Sebastian Munden - Unilever | LinkedIn
Sebastian is the Executive Vice President and General Manager for Unilever UK & Ireland and has worked at Unilever since 1990, when he joined as a Marketing Graduate Trainee at what was then Lever Brothers in the UK.
I’m delighted that several products are launching in Tesco’s reuse trial this week, including Persil laundry detergent, Simple hand wash, Alberto Balsam Shampoo and Conditioner and Radox shower gel, are available in reusable stainless-steel bottles.
We are all sadly too familiar with the environmental crisis the world is facing now.The facts are stark, and we all need to play our role in wasting less and helping to lower global carbon emissions.
Most importantly, it’s something many of our shoppers care about and is why they are looking for ways to make more sustainable choices every day.

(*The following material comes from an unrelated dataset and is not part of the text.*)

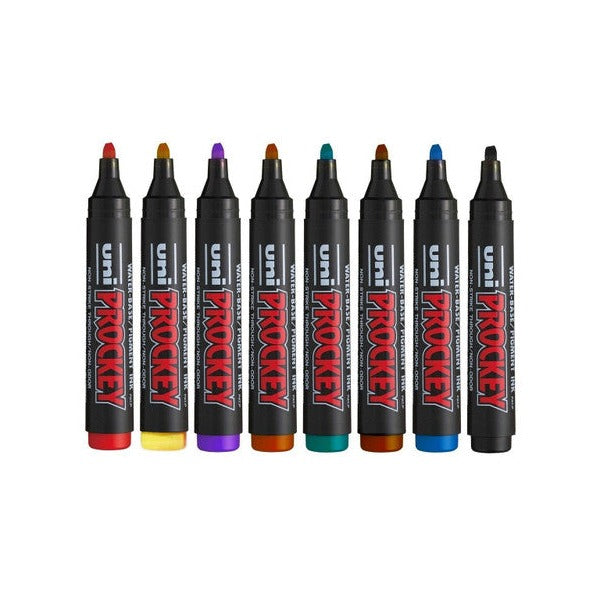 Uni Prockey Permanent Marker 5.7mm Chisel Tip Assorted Wallet of 8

Plastic pollution is a big issue for our industry. At Unilever we have set ourselves ambitious targets to help create a waste-free future.We know that to tackle plastic pollution with the speed and urgency needed, we must continue to challenge existing business models and re-think our approach to packaging, including a shift from ‘use and dispose’ to ‘use, refill, and reuse’.
Whilst the idea of returnable and reusable packaging is not new, delivering this to shoppers in many more categories as part of their everyday shop, at scale, and with the brands they already know and use, is a massive challenge, not just for retailers and manufacturers but also for shoppers. We will all have to change what we do and adopt new behaviours.
But the idea, executed right, also has the potential to be positively game-changing. It is a vision that Tesco shares with us, and one we are very excited to be working on together.
When choosing what products to include in our reuse trials, we looked at the role Unilever brands could play in growing the proposition with more categories.
We know that shoppers are interested in trying household products in refillable packaging, and believe that using an iconic brand like Persil, bought by millions of people in the UK, will help encourage new shoppers to try reusable products at the scale that we really need to test the model.
And we know that to be successful, reuse models at scale will need to deliver product breadth and choice.
So we’ve also included three of our other well-known brands, Radox, Simple and Alberto Balsam in our trials, to gain further insight into the response and repeat rates across more product categories.
Developing reusable packaging which delivers an equal, if not superior, user experience, whilst also being able to withstand multiple washes – industrial washes - has also been a great design challenge, and an area of close collaboration with LOOP as we’ve created new circular supply chains.
Of course, there have been challenges – but these help us to prepare for the future.
We’ve already learnt that to grow refill and reuse, widening the choice will become increasingly important.
Encouraging shoppers to keep coming back will be an important focus area as we work with Tesco. Identifying and removing barriers and keeping the shopper-experience as simple as possible, will be key.
It’s early days. We are adopting a ‘test, learn and refine’ approach. Trials like these will give us invaluable insights into the potential scale of future shopper habits and of future packaging technology, and working with Tesco and LOOP, we’re pooling knowledge and insight so we can adapt and improve as we go.
We can all see that embracing and growing the circular economy could shift the dial on single use plastic. Every time our bottles are re-used more plastic and carbon emissions are saved and the value of the circular economy is realised.
But what is also clear is that to support the growth of these reuse models, we need to collaborate – manufacturers, retailers, and our partners, the waste management industry and government. To drive the positive change at the scale our planet needs, we must all work together.